Crawled caption data:
[Start of section]

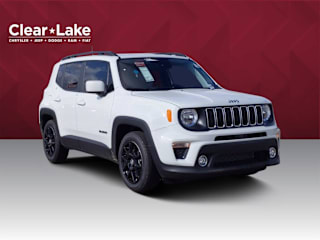 2021 Jeep Renegade Latitude ZACNJCBB9MPM21795 2021 Jeep Renegade Latitude
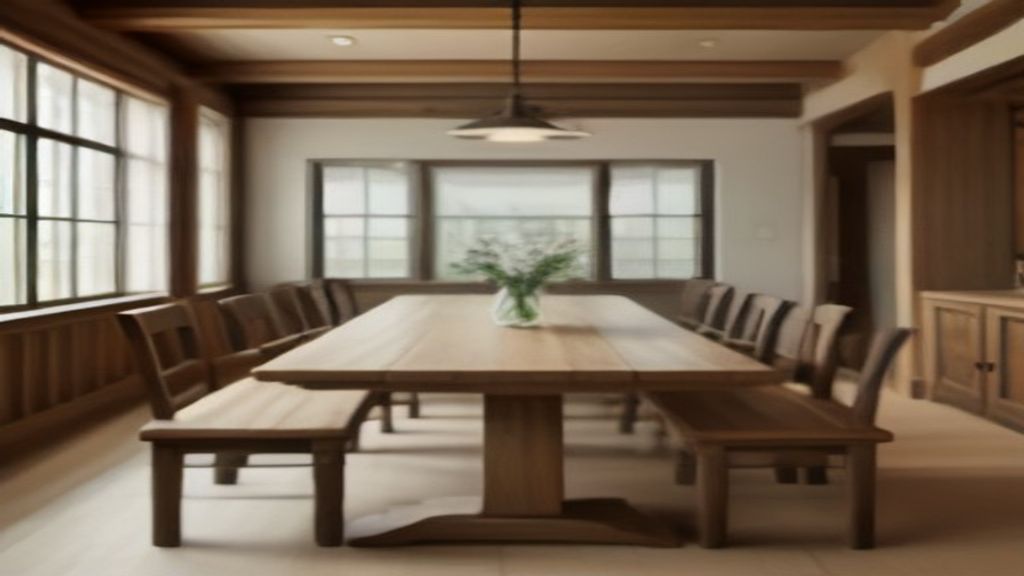I Measured the Gap on Four Oak Dining Benches—Here's What Fit and What Didn't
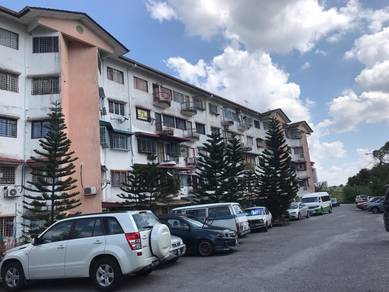 Strawberry Court Apartment, Cheras [FOR RENT]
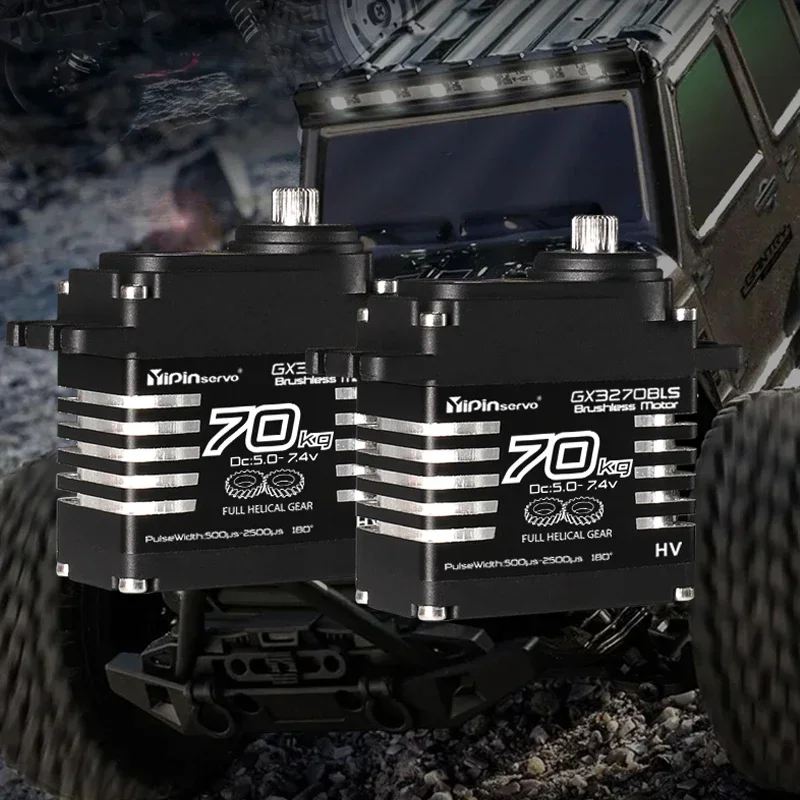 Waterproof IP68 Servo Large To - مراجعة Rc Helicopter Servo وسعره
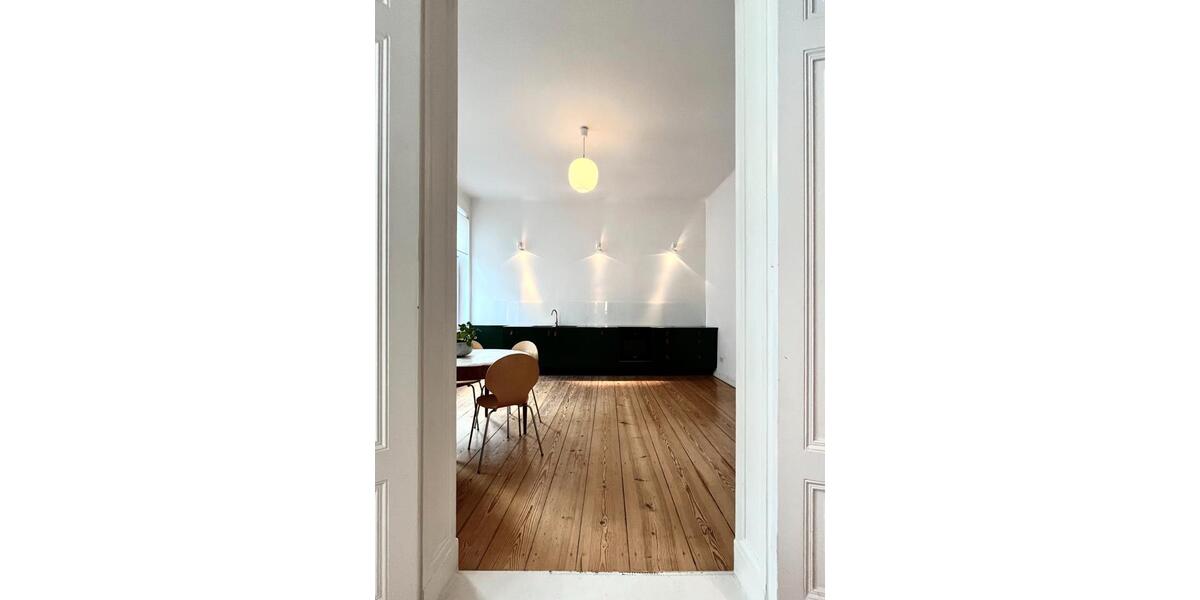 Etagenwohnung Berlin Friedrichshain-Kreuzberg - 5 Zimmer, 189 m&sup2;, 1.380.000&euro; | Angebot:27019359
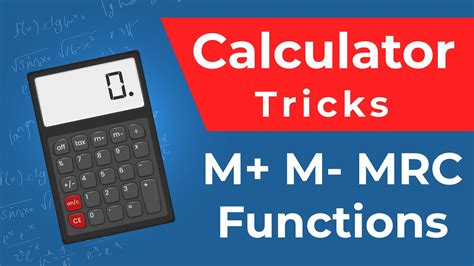 What is M+ on a calculator?
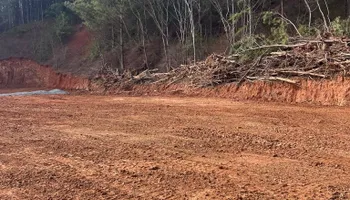 Septic System Installation for F.C. White’s Excavation & Drain Cleaning in Huntingdon, TN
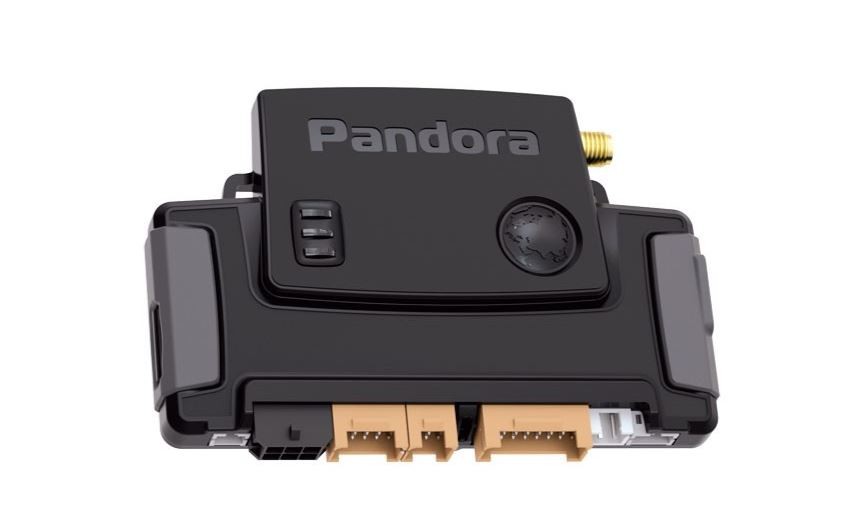 Pandora Elite V2 Alarm System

[End of section]

TASK GOAL:
In the copy, keep every line of the data above exactly and drop each picture.

YOUR RESPONSE:
 2021 Jeep Renegade Latitude ZACNJCBB9MPM21795 2021 Jeep Renegade Latitude
I Measured the Gap on Four Oak Dining Benches—Here's What Fit and What Didn't
 Strawberry Court Apartment, Cheras [FOR RENT]
 Waterproof IP68 Servo Large To - مراجعة Rc Helicopter Servo وسعره
 Etagenwohnung Berlin Friedrichshain-Kreuzberg - 5 Zimmer, 189 m&sup2;, 1.380.000&euro; | Angebot:27019359
 What is M+ on a calculator?
 Septic System Installation for F.C. White’s Excavation & Drain Cleaning in Huntingdon, TN
 Pandora Elite V2 Alarm System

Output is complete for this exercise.